La traducción es un yunque

¿Qué es lo que hace que un autor tan apreciado por quienes hablamos español sea un autor de segunda o tercera fila, cuando no un absoluto desconocido, entre quienes se comunican en otras lenguas? El caso de Quevedo, recordaba Borges, tal vez sea el más flagrante. ¿Por qué Quevedo no es un poeta vivo, es decir digno de relecturas y reinterpretaciones y ramificaciones, en ámbitos foráneos a la lengua española? Lo que lleva directamente a otra pregunta: ¿por qué consideramos nosotros a Quevedo nuestro más alto poeta? ¿O por qué Quevedo y Góngora son nuestros dos más altos poetas?

Cervantes, que en vida fue menospreciado y tenido por menos, es nuestro más alto novelista. Sobre esto no hay casi discusión. También es el más alto novelista, según algunos el inventor de la novela, en tierras donde no se habla español y donde la obra de Cervantes se conoce, sobre todo, gracias a traducciones. Estas traducciones pueden ser buenas o pueden no serlo, lo que no es óbice para que la razón del Quijote se imponga o impregne la imaginación de miles de lectores, a quienes no les importa ni el lujo verbal ni el ritmo ni la fuerza de la prosodia cervantina que obviamente cualquier traducción, por buena que sea, desdibuja o disuelve.

Sterne le debe mucho a Cervantes y en el siglo XIX, el siglo novelístico por excelencia, también Dickens. Ninguno de los dos, es casi una obviedad decirlo, sabía español, por lo que se deduce que leyeron las aventuras del Quijote en inglés. Lo portentoso -y sin embargo natural en este caso- es que esas traducciones, buenas o no, supieron transmitir lo que en el caso de Quevedo o de Góngora no supieron ni probablemente jamás sabrán: aquello que distingue una obra maestra absoluta de una obra maestra a secas, o, si es posible decirlo, una literatura viva, una literatura patrimonio de todos los hombres, de una literatura que sólo es patrimonio de determinada tribu o de un segmento de determinada tribu.

Borges, que escribió obras maestras absolutas, ya lo explicó en cierta ocasión. La historia es así. Borges va al teatro a ver una representación de Macbeth. La traducción es infame, la puesta en escena es infame, los actores son infames, la escenografía es infame. Hasta las butacas del teatro son incomodísimas. Sin embargo, cuando se apagan las luces y comienza la obra, el espectador, Borges uno de ellos, vuelve a sumergirse en el destino de aquellos seres que atraviesan el tiempo y vuelve a temblar con aquello que a falta de una palabra mejor llamaremos magia.

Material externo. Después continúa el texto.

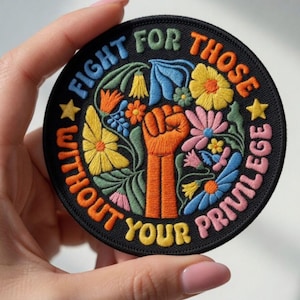 May include: Embroidered patch with the text "FIGHT FOR THOSE WITHOUT YOUR PRIVILEGE" in various colors. The patch features a raised fist and colorful flowers on a black background.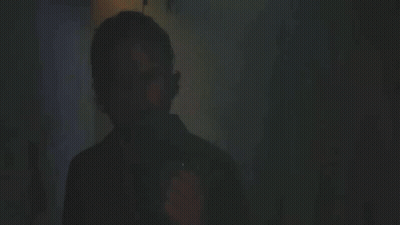 A Man Lighting A Cigarette With The Words " You Still " In The Background GIF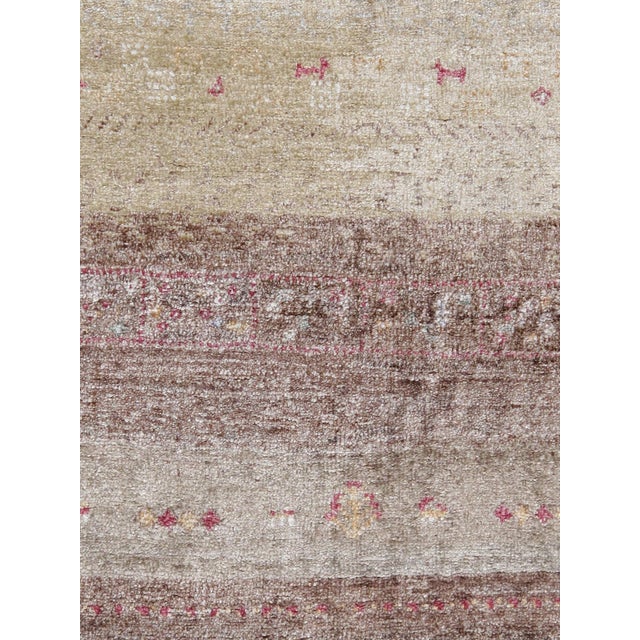 Tribal Hand-Knotted Area Rug is handmade with extra high pile and very simple, stylized designs. They are constructed from...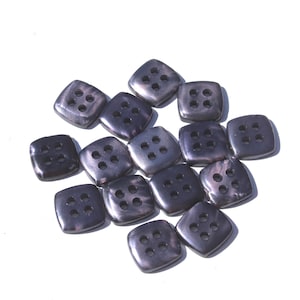May include: A collection of dark gray, square buttons with four holes each. The buttons have rounded corners and a slightly iridescent sheen, scattered on a white background. These buttons are suitable for sewing projects and garment construction.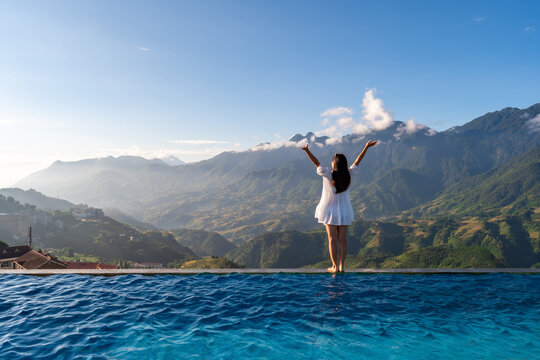 Young woman traveler relaxing at sky pool and looking at the beautiful nature landscape with blue sky and mountains in Sapa, Vietnam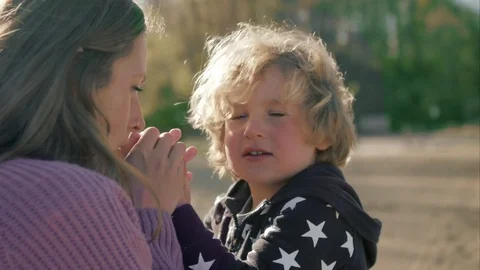 Mother warms her son's hands on the beach Stock-Footage 76014036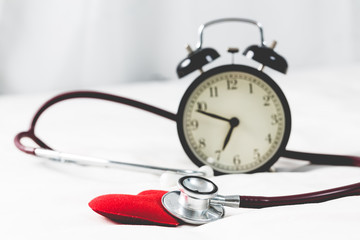 red heart with stethoscope and alarm clock close up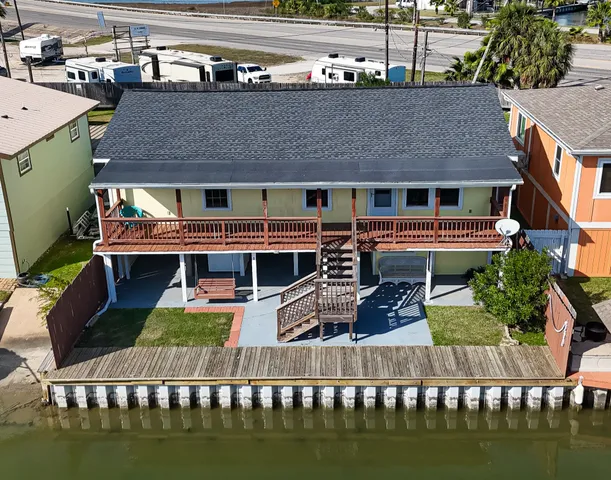 a aerial view of house with yard swimming pool and outdoor seating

Algo similar sucede con las representaciones populares de la Pasión. Esos voluntariosos actores improvisados que una vez al año escenifican la crucifixión de Cristo y que emergen del ridículo más espantoso o de las situaciones más inconscientemente heréticas montados en el misterio, que no es tal misterio, sino una obra de arte.

¿Cómo reconocer una obra de arte? ¿Cómo separarla, aunque sólo sea un momento, de su aparato crítico, de sus exégetas, de sus incansables plagiarios, de sus ninguneadores, de su final destino de soledad? Es fácil. Hay que traducirla. Que el traductor no sea una lumbrera. Hay que arrancarle páginas al azar. Hay que dejarla tirada en un desván. Si después de todo esto aparece un joven y la lee, y tras leerla la hace suya, y le es fiel (o infiel, qué más da) y la reinterpreta y la acompaña en su viaje a los límites y ambos se enriquecen y el joven añade un gramo de valor a su valor natural, estamos ante algo, una máquina o un libro, capaz de hablar a todos los seres humanos: no un campo labrado sino una montaña, no la imagen del bosque oscuro sino el bosque oscuro, no una bandada de pájaros sino el Ruiseñor.